The simplest scheme was to predefine some fraction of the variance to be accounted for and choosing the first value of $$k$$ that met it. Unfortunately, it's rather difficult to decide what fraction of the variance is the right one, as demonstrated by program 1.

Program 1: The Right Fraction? To see the problem, first try running the program with different values of r until the $$k$$ means algorithm correctly identifies the five clusters. Then, by clicking on the canvas, add a new cluster that is somewhat closer to one of the originals than they are to each other, say the one in the top right hand corner.
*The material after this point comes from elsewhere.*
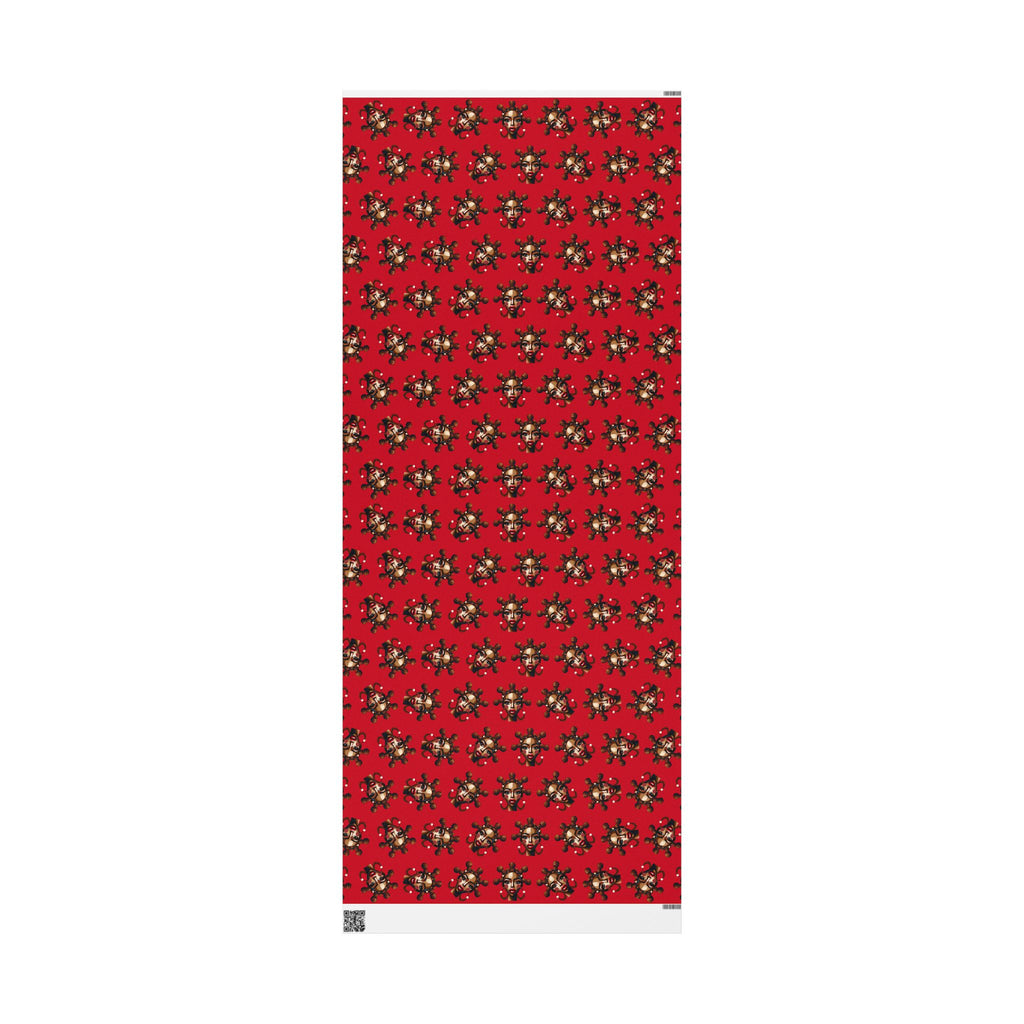 'Bantu' Red Gift Wrapping Paper Roll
Finally, run the program a few more times.

Annoying, isn't it?

To avoid this problem we tried looking at how the rate at which the accounted for variance increased with $$k$$, the idea being that if increasing the value of $$k$$ resulted in a relatively small increase in that variance then we'd probably have already found a good clustering and should stop looking. Program 2 illustrates this idea by plotting how much more variance of program 1's data would be accounted for by increasing $$k$$ by one as a proportion of the total variance of that data.
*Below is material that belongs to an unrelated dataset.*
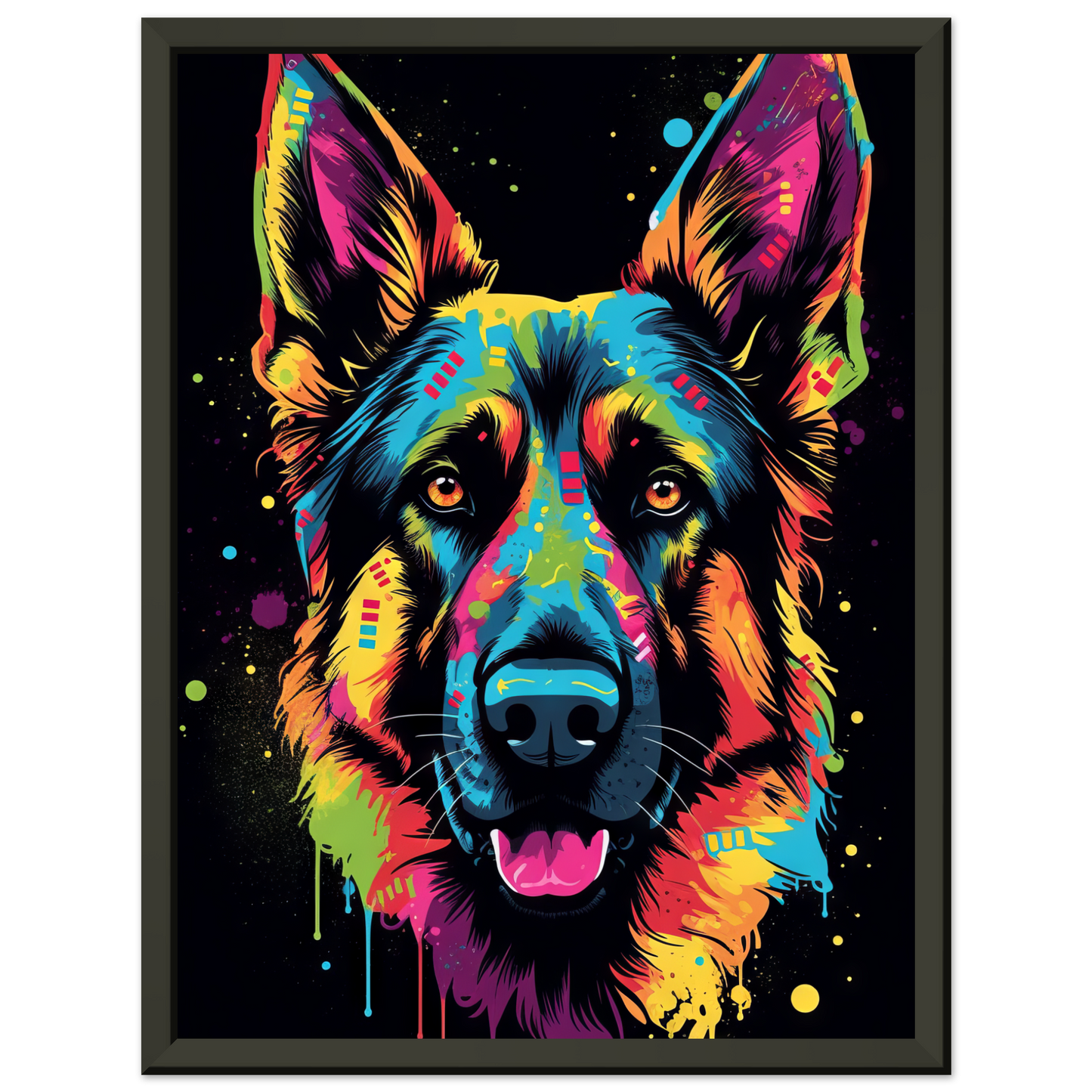 Dog German Shepherd Pop Art (DOG73)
Program 2: The Rate Of Change Of Variance Whilst this is undoubtedly more robust than guessing at the share of the variance that the correct clustering should account for, the choice of how small an increase is small enough is still a rather subjective one and so this scheme is not an ideal candidate for automation.

### An Informed Decision

We've already noted that a $$k$$ means clustering can be thought of as compressing a set of data into a set of cluster representatives, so it's rather tempting to consider an information theoretic measure of the error of that compression when choosing a clustering.
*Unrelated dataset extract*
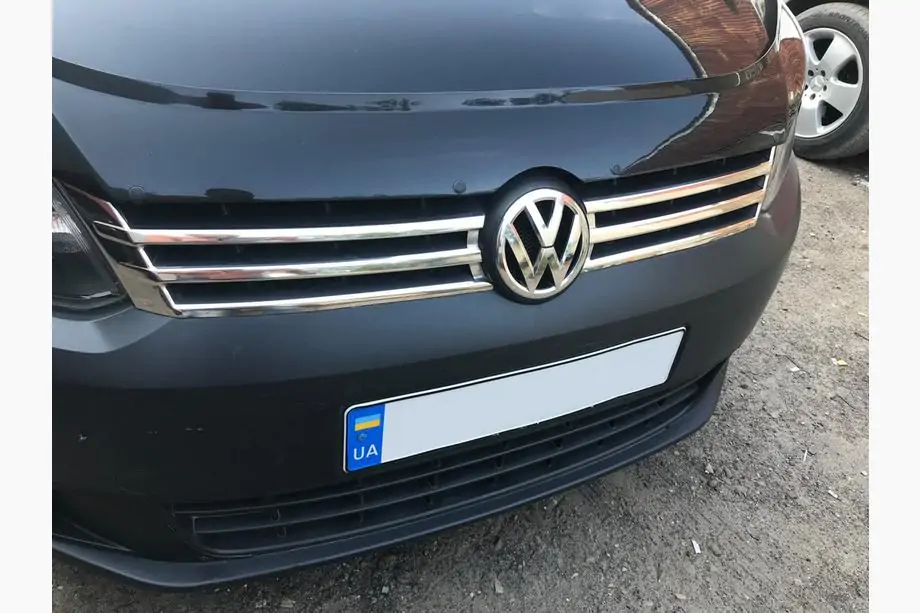 Volkswagen Caddy 2010-2015 Chrom Kühlergrill Blenden (2 Stk, Edelstahl) OmsaLine - Italienischer Edelstahl Foto 1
Information theory is, as its name suggests, concerned with the study of information; its definition and how to measure, transmit and store it. The key insight that kick-started the entire subject was that information is not the same thing as data, since data often contains redundancies that can be removed without affecting its information content, as dmnstrtd by th fct tht u cn undrstnd ths.
The information in a set of data is essentially what is left after it has been compressed as much as possible without loss of meaning and consequently compression is a fundamental concept in information theory. Now for data like a text message we should typically require it to be reproduced exactly when it is uncompressed, but this is not always the case. For example, data like a telephone signal can still be understood if the compression introduces a degree of noise, or distortion. We might naively measure this distortion with the expected mean squared difference between the original data and its reconstruction, but that fails to take into account that not all distortion is created equal. For telephone conversations, distortion at frequencies beyond the range of human hearing is irrelevant and so should be ignored by any reasonable measure of it.
Given that we can't recreate the clustered data from the set of cluster representatives and the number of the data that belong to each of their clusters, this being the obvious way to compress a set of data with a $$k$$ means clustering, it clearly has more in common with a distorted telephone signal than it has with a perfectly reconstructed text message. We might therefore try to find a measure of cluster distortion that reflects the implicit definition of what constitutes a cluster according to the $$k$$ means algorithm.
Since the $$k$$ means algorithm seeks to minimise the sum of the squared distances between the data and the representatives of the clusters that they are members of, it naturally favours globular, or in other words approximately spherical, clusters. If we also assume that the clusters are approximately the same size and shape, not unreasonably if they are the result of some consistent source of variability around truly representative data points, then there's a relatively simple measure of distortion that accentuates them based on, would you believe it, principal component analysis.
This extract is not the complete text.